Moving house? Your friendly neighbourhood marketer wants to be your best friend.

As someone who has moved home in the past 6 months and from renting furnished to having a mortgage and no furniture, I’ve been struck by just how impactful the event of moving is in one’s life. Of course there is the stress of moving, the excitement at getting your keys, the frustration of slow-moving solicitors and the myriad factors that can all go wrong. But what struck me about my move was really none of that.

In the days, weeks and months that unfolded what I noticed most was the change in my shopping behaviour – anything from actual purchases to browsing online and doing lots of future thinking. The change really was quite stark online where my browsing went from saved bookmarks, YouTube and random quests to Wikipedia to know-how about DIY, kitchen and bathroom cleaning products and the obligatory new TV.
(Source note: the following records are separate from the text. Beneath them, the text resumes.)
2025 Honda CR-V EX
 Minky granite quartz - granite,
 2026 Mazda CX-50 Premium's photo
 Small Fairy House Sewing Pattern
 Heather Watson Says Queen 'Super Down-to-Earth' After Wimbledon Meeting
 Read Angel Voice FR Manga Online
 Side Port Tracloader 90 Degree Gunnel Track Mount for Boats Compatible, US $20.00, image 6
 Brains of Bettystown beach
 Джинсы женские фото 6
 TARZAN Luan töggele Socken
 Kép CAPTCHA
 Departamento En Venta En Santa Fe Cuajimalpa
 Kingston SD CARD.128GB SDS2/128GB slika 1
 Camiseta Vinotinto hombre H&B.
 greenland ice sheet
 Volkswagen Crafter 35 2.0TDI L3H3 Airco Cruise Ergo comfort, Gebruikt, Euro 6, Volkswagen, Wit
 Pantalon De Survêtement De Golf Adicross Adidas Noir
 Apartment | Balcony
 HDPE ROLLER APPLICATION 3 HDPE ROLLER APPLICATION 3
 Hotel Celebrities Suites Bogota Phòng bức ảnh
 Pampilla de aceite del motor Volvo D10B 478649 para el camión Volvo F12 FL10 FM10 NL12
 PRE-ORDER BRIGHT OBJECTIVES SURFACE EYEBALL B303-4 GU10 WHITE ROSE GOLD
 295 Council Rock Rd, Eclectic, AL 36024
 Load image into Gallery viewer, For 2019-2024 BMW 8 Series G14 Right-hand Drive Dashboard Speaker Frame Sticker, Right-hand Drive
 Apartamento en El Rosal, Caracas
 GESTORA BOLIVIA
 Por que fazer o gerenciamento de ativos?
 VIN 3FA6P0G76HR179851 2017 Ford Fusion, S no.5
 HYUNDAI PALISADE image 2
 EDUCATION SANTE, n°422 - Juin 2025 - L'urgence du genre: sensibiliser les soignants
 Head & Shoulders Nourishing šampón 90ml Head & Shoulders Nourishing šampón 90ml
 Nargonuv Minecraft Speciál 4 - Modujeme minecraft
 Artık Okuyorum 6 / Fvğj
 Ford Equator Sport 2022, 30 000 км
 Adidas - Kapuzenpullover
The obvious spending increase and switch to a raft of new products and services is well-documented but what can market researchers do to help their clients reach this dynamic audience? From a sampling point of view, this isn’t the most straightforward of targets. Furthermore, one tends not to be a regular buyer of houses: it’s pretty much every 23 years in the UK according to Zoopla. This means there isn’t for example a direct marketing database to tap into. In the UK at least, around 400 000 – 500 000 people move home each year (700 000 was the highpoint in 2007), so this doesn’t make a random sample viable. And even if we were to allow for age / life stage and model respondents this way, the incidence will still be too low and the cost too high.

What then is the way forward for researchers and marketers looking to speak to movers? We would recommend tracking behaviour (with consent) longitudinally. This could be via permission-based cookies, as some agencies use to produce their report for the travel industry around which destinations will be popular this year through to which ads have been seen or even clicked through to. Flagging top-level sites such as estate agents would be an early indicator and a further report on other websites could then follow.

Another possibility is to track respondents using one of the many omnibus services out there – be it online or phone. From a n=1000 sample we would expect around 30-40 respondents to be moving over the course of a year. Not a huge amount, but crucially it is easier to ask these people further follow-ups via the omnibus in question. Do you expect to be moving house in the coming 3/6/12 months? If yes, please answer the following…

Given the shifting nature of this group but the high-spend and behaviour-changing occasion, it is surely worth investing in an ongoing solution to tap into these people and understand if/how/when/why they start their journey.